▶ **Your task**: From the line holding "Maroulis Studios Naxos - Mikri Vigla - 3" through the line holding "705 S 2nd Street, La Crescent, MN 55947" below, write out every line exactly; include both of those lines and drop the pictures.

▶ **Data section**:
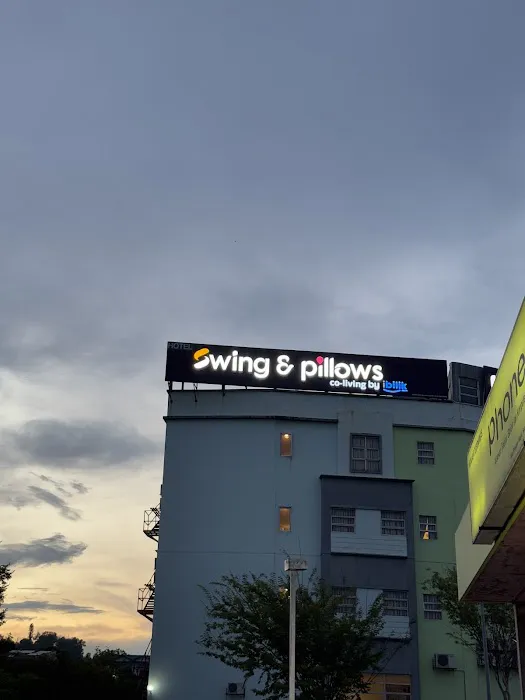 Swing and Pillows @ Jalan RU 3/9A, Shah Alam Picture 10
* * *
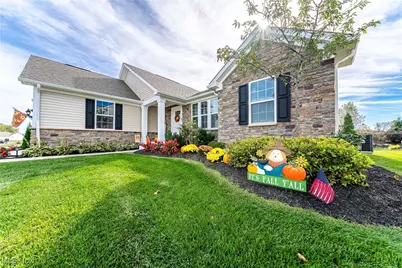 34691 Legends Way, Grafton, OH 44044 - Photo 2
---
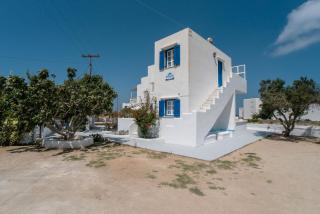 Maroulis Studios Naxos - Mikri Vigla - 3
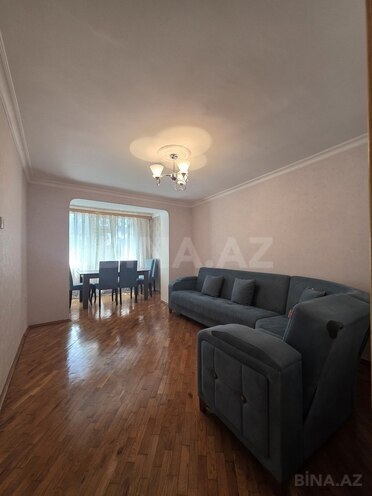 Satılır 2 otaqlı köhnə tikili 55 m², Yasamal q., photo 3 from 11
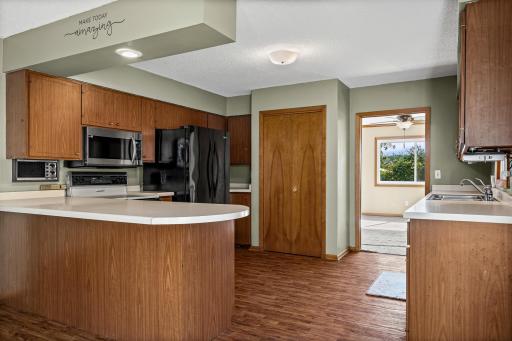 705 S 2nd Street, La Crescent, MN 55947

▶ **Output**:
 Maroulis Studios Naxos - Mikri Vigla - 3
 Satılır 2 otaqlı köhnə tikili 55 m², Yasamal q., photo 3 from 11
 705 S 2nd Street, La Crescent, MN 55947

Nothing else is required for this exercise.